Take the records below and extract, word for word, the lines from the one containing "Miriam Lanzoni subió" through the final line, inclusive. Omit pictures.

Scraped caption text data:
:::::
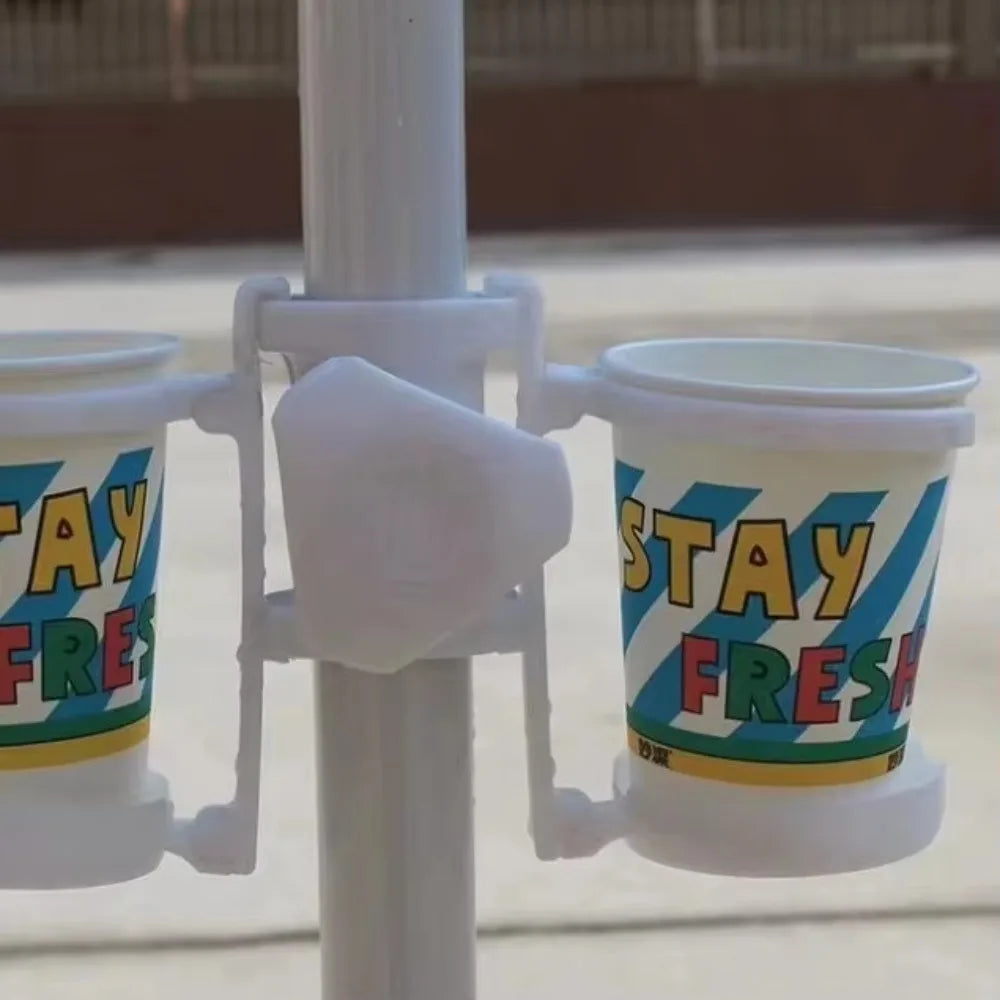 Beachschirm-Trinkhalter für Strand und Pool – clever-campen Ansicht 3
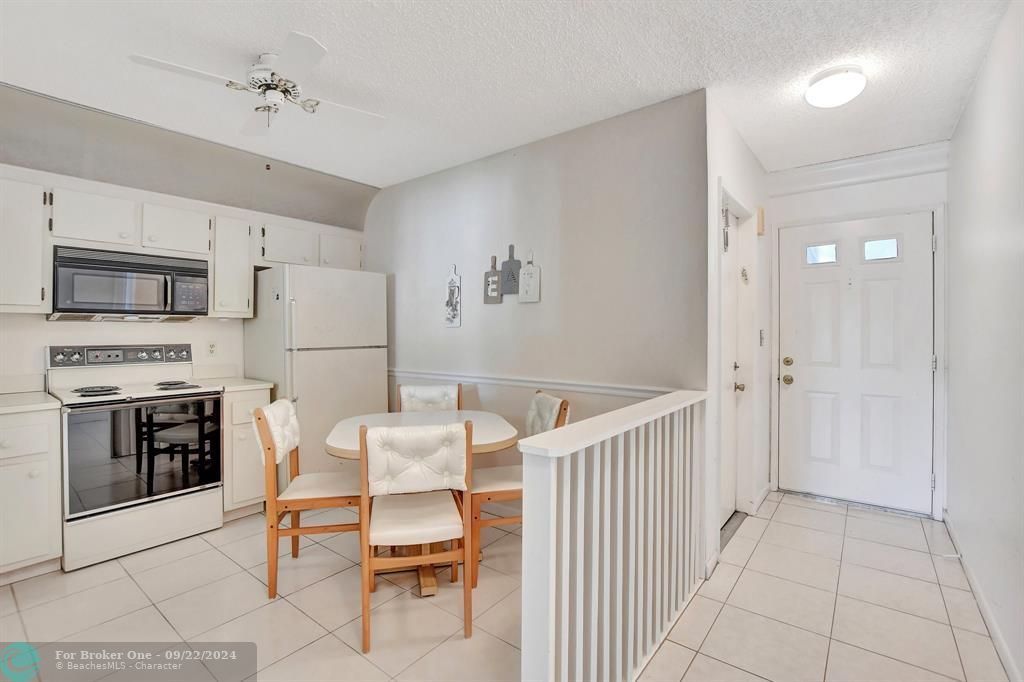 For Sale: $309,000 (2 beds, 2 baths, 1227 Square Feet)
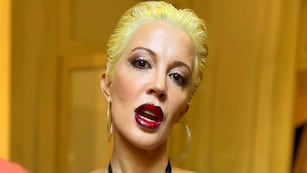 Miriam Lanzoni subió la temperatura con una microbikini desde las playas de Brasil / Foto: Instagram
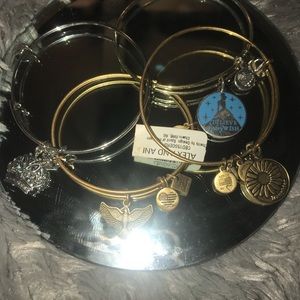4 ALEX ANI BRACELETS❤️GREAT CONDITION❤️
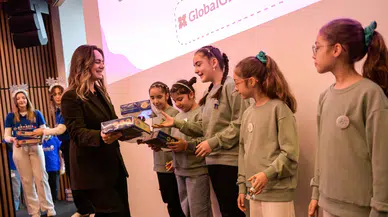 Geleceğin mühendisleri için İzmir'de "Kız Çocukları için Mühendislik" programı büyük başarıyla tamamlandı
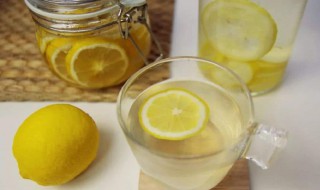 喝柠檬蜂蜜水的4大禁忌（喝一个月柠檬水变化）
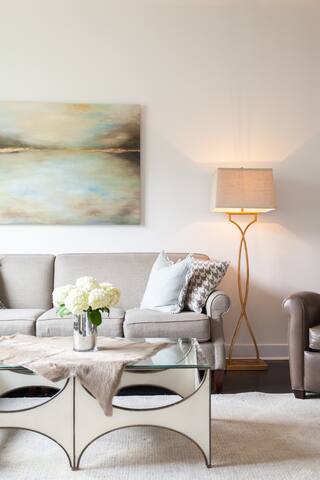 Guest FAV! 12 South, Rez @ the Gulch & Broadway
:::::
◆ EXERCISE ANSWER ◆
 Miriam Lanzoni subió la temperatura con una microbikini desde las playas de Brasil / Foto: Instagram
4 ALEX ANI BRACELETS❤️GREAT CONDITION❤️
 Geleceğin mühendisleri için İzmir'de "Kız Çocukları için Mühendislik" programı büyük başarıyla tamamlandı
 喝柠檬蜂蜜水的4大禁忌（喝一个月柠檬水变化）
 Guest FAV! 12 South, Rez @ the Gulch & Broadway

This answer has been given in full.